In our household my husband perceives a list of priorities: our cats, my trusty old Land Rover, and then him. I, on the other hand, am sure his priorities are our sailboat, our power boat, and then me. In times of a natural disaster, little things like the above bring out smiles when they are most needed.
Tom Foster’s 22’ Marshall Cat “Tom Cat” with its bowsprit sank in its slip in Spray Beach, Long Beach Island, where many houses are total losses or have been washed away altogether. Whether this boat can be brought up intact, or whether it is a total loss, is small in the wake of Sandy’s disaster. Yet people’s boats are like family members, loved and cherished.
Yes, Tom Foster is worried about his boat. Luckily, his house is OK except for a few inches of water in his garage. Amazing, since he and his wife are located in the Holgate area, where so many homes have been lost.

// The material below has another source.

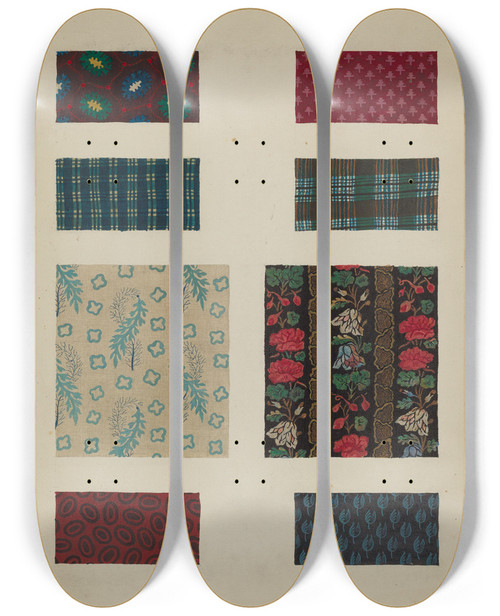 Triptych art skateboard deck of Frances Lichten Materials From Patchwork Bedspread_8 by Frances Lichten (1889-1961)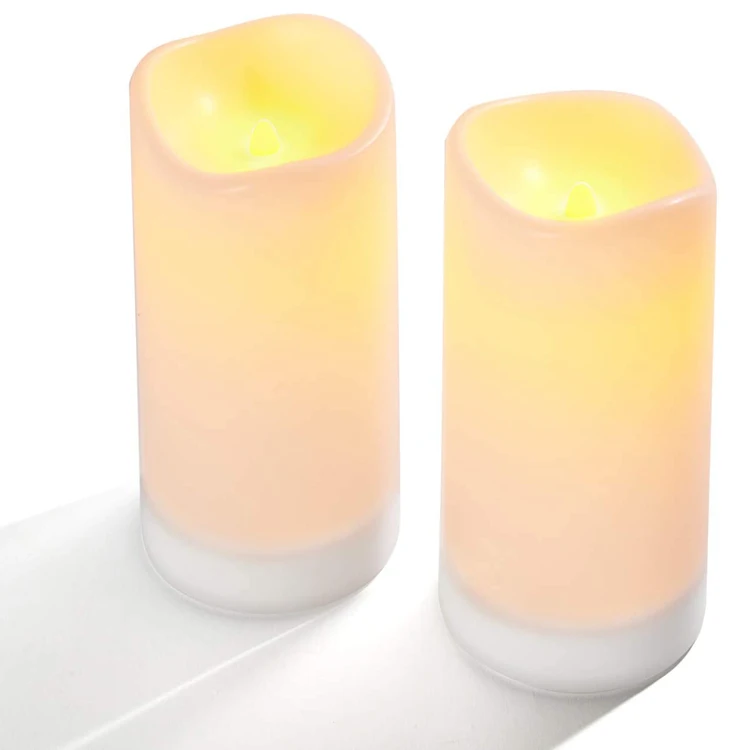 2022 Hot Sale Table Standing Decoration 4inch Waterproof Wave Top Decorative Led Powered Candle Light Powered By Solar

Like most disasters, Hurricane/Superstorm Sandy has brought out the best and worst in people. We’ve seen it all on TV. Around Ocean County, many people are reaching out to those in need. A friend is headed to Florida for the winter, her house now filled with friends who were displaced in the Tuckerton Beach area. There is a scramble for housing, relocation of shore businesses open year-round, and thoughts as to what the economic future may bring. Homeowners are dealing with insurance adjustors, a number of them realizing they were underinsured with both flood and homeowners insurance.
The old adage “A storm is coming, pull your boat out” did not necessarily hold true for Sandy. Depending on the location, boats in the water seemed to fare better than those in boat yards where they were knocked around like bowling pins. A friend’s 12’ Boston Whaler, pulled for the winter and carefully tied down, went off to visit large trawlers and sport fishing boats in a marina more than a block away. (It was found intact and brought home.) Our heavy Mako with twin engines was tied to the trailer behind our Long Beach Island business. It, too, took off, ending on another part of the property.
Proponents of floating docks got a real reality check. In some cases, boats floated up and over the pilings holding the floating docks. They ended up blocking waterways or gone forever. Ever see a Travelift on a major road? Yes, marina owners were helping the rescue effort by removing boats blocking traffic.
Boats blocking waterways were another story. This happened in Tuckerton Creek in Tuckerton. Marina owners had to clear the creek before boats in the water, and those that ended up elsewhere, could be sorted out.
My old car “drowned” in 4’ of water. The rest of us, including cats and boats, are fine. Long Beach Island and the devastated mainland communities around it, will rise again — just not right away. Jersey Shore folk are hard working, resilient, and determined.